Ihr Toptalent Romano Schmid, 17, mussten Sie allerdings an Salzburg abgeben. Wenn einem nicht nur Leistungsträger, sondern auch die besten Jugendspieler weggekauft werden, welche Chance hat man da noch?

Österreich ist ein Ausbildungsland. Das trifft ja nicht nur uns. Und nicht nur Jugendspieler. Klar, wir hätten Romano Schmid gern gehalten, er hat aber von seiner Ausstiegsklausel Gebrauch gemacht. Das muss man leider Gottes so akzeptieren. Er hatte hier eine gute Plattform, hatte schon Spiele bei den Profis absolviert. Ich denke, er hätte sich auch hier gut entwickelt.

Aber sind diese Abgänge nicht frustrierend?

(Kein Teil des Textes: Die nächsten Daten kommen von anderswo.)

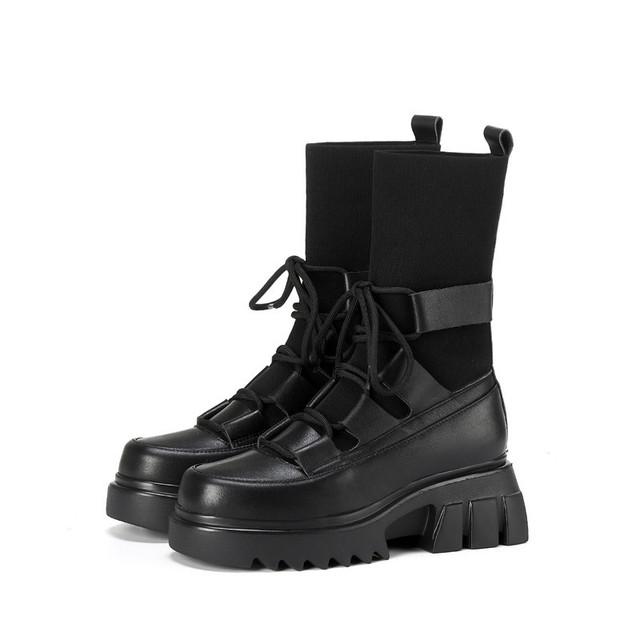 

Женская обувь, женские ботинки из натуральной кожи, зимние ботинки без шнуровки, вязаные ботильоны для женщин, обувь на платформе Zapatos De Mujer 34 чёрный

Ich würde nicht sagen, dass man enttäuscht ist, aber es ärgert einen, wenn man gerade einen jungen Spieler herangeführt hat, und dieser dann weggeht. Andererseits zeigt es auch, dass wir in Graz gut arbeiten, dass wir Spieler entwickeln. Wir haben auch noch andere Talente, die nachrücken. Aber gerade, wenn man bei Sturm gut spielt, weckt das Begehrlichkeiten.

Am Sonntag gastiert Meister Salzburg in der Merkur Arena. Können Sie Salzburg über eine Saison lang überhaupt Paroli bieten?

Sie haben die besten Möglichkeiten, das mit Abstand größte Budget und werden klarerweise immer Favorit sein. Wir wissen, was wir können und natürlich auch, was Salzburg kann. Die Tabellenführung wollen wir mit Haut und Haaren verteidigen.

Mittlerweile sind auch die Trainer auf dem Transfermarkt angekommen, für erfolgreiche Coaches gibt es beträchtliche Ablösesummen. Eine überfällige Entwicklung?

Offenbar gibt der Markt das her, es geht immer um Angebot und Nachfrage. Generell nehmen die Summen, die im Umlauf sind, Dimensionen an, die ich als Trainer absolut nicht befürworte. Neymar für 222 Millionen Euro, Dembélé, ein Spieler, der gerade einmal ein Jahr lang nachgewiesen hat, was er kann, für 150 Millionen. Was heute auf der Welt alles passiert, wie viele Menschen Hunger leiden, und hier wird mit so viel Geld herumgeschmissen – also kein Spieler ist diese Summen wert. Ich denke, es ist auch an der Zeit, dass die Fifa eingreift. Oder dass man einen Teil dieser Summen für gute Zwecke abzweigt. Aber irgendetwas muss geschehen, weil gegenüber den Menschen und den Stadionbesuchern lässt sich das nicht mehr vertreten.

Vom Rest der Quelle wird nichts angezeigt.